With reference now to FIG. 14, disposed in a pivotable relationship to the body 10 is a folding stock 30 which allows the gun to be braced against a user's body if desired. The stock 30 comprises a substantially U-shaped body section 32 which includes a plurality of cutouts 33 in order to allow the stock to be light yet strong since it is preferably made of a suitable metal. Additionally, the cutouts are advantageous since when the stock is secured to the gun body 10, it allows the gun to better radiate away heat generated during the firing process. The stock 30 is pivotably mounted on a pair of spaced parallel arms 34 by a swivel 36. The arms 34 are in turn pivotably mounted to the gun body at a swivel 38. The two swivels allow the stock 30 to be adjusted to fit the needs of the user. Securing the folding stock in a locked position against the gun body is a lock member 40 which is best illustrated in FIG. 9. Also provided at a forward end of the stock 30 are tabs 41 which fit in suitable indentations of the body 10 to secure the stock against movement when fastened to the gun body.
In order to secure the folding stock in the use position, a second locking mechanism 42 is provided at the rear of the body 10 as best seen in FIG. 15. The lock mechanism comprises a pair of locking levers 44 and 45 which are biased away from each other by a spring 46 and into engagement with the arms 34. When the levers 44, 45 and pushed towards each other, the arms 34 can be pivoted so that the stock can be again stowed away.
With reference now also to FIGS. 10 and 11, provided on the upper or first barrel 20 is a first or front sight 50 having a sight body 52 as well as an aperture 54 through which the user views the target. The front sight is adjustable in a direction normal to the longitudinal axis of the barrel 20 and can be secured in place by use of a suitable screw 56.

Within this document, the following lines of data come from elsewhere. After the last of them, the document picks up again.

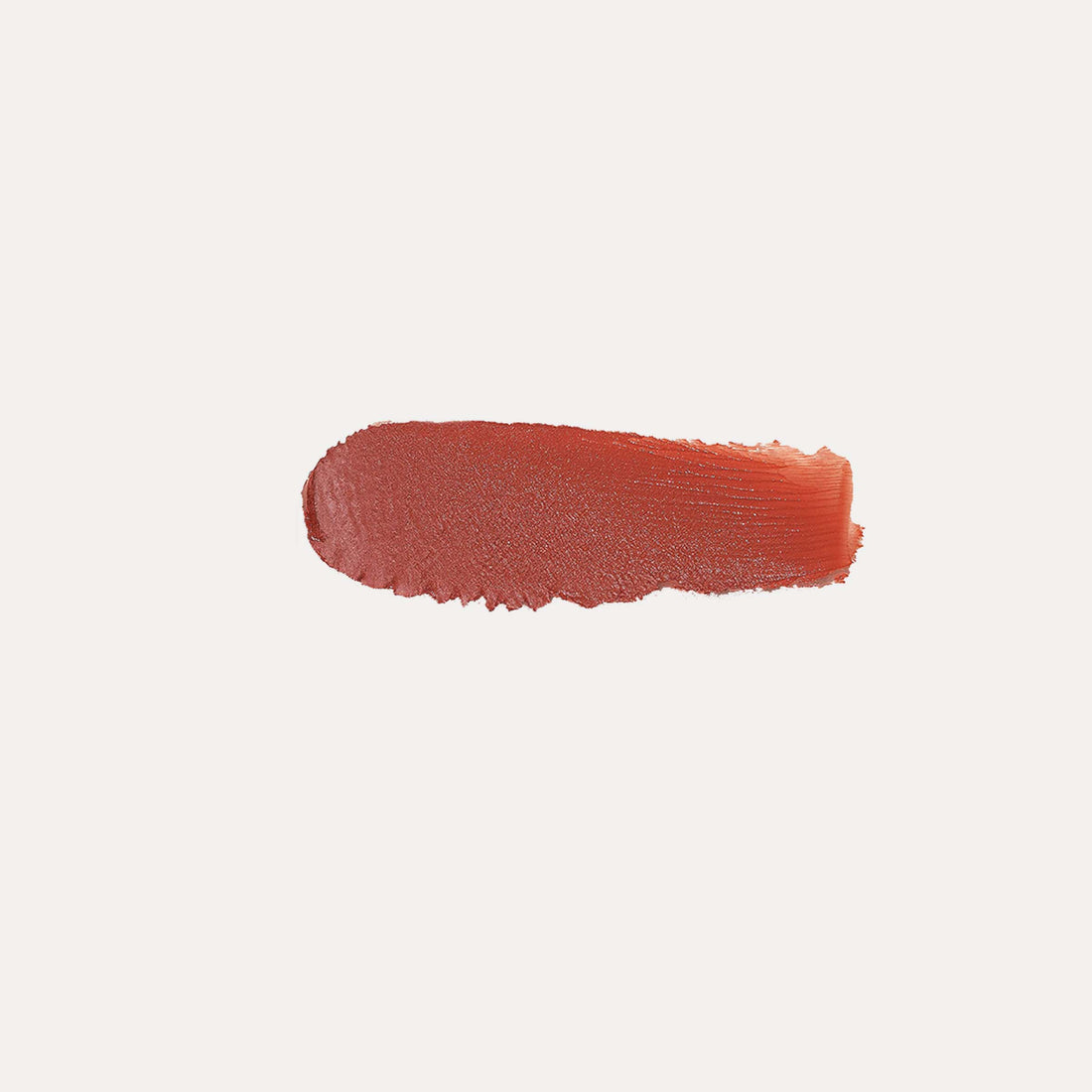 YENSA Super Serum Silk Buildable Cream Blush in Ginger Blaze shade, showing a warm, vibrant orange-toned blush on skin.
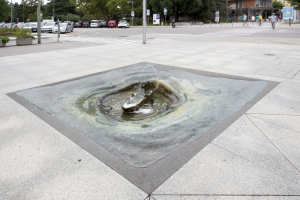 Fontana in bronzo a livello del suolo al centro di una piazza in pietra, dalla quale sgorga l’acqua.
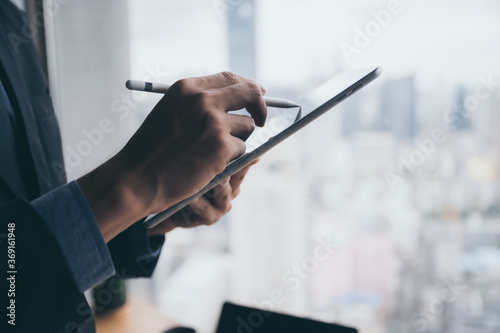 business man working with tablet with the background of city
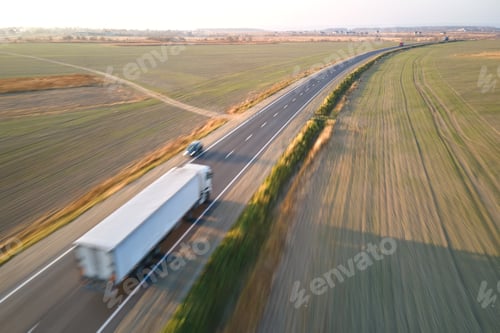 Preview: Aerial view of blurred fast moving semi-truck with cargo trailer driving on highway hauling goods in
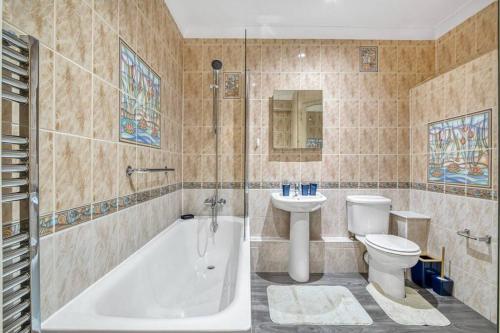 a bathroom with a tub and a toilet and a sink at Luxury Oasis in London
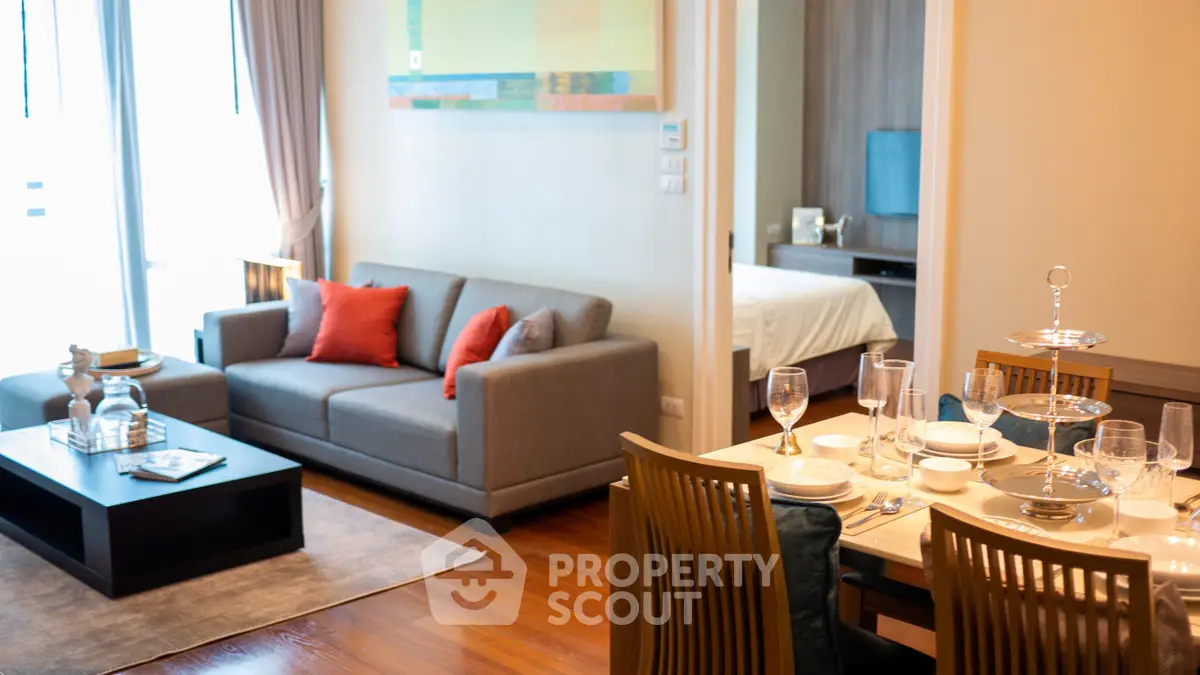 Stylish open-plan living and dining area with modern decor and cozy ambiance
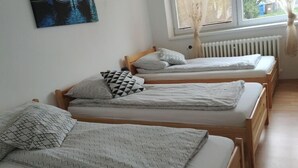 Una stanza con tre letti in legno, ognuno con un materasso bianco e cuscini decorati.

Spaced from the front sight 50 is a rear sight 60 which can best be seen in FIGS. 12 and 13. The rear sight has a first body section 62 which includes a central through aperture 64 as well as a plurality of spaced side apertures 66. Preferably, four such apertures 66 are provided in a cruciform shaped pattern. The purpose of the side apertures is to improve the visibility of the target to the gun user when using the sight. The central aperture 64 may be configured to work best at, e.g. 100 m. In order to allow the user of the gun to employ the sight at another distance, an integral second body section 68 can be provided. The sight body can be pivotable around a pivot point 70. In this way, once the body is pivoted so that the second body section 68 is now perpendicular to the axis of the first barrel 20, a second central aperture 72 is now visible to the user. This aperture is designed for use at a different distance than the first central aperture 64, e.g., 200 m. A plurality of side apertures 73 may be disposed around the central aperture, as with the side apertures 66, in order to improve the visibility of the target through the sight.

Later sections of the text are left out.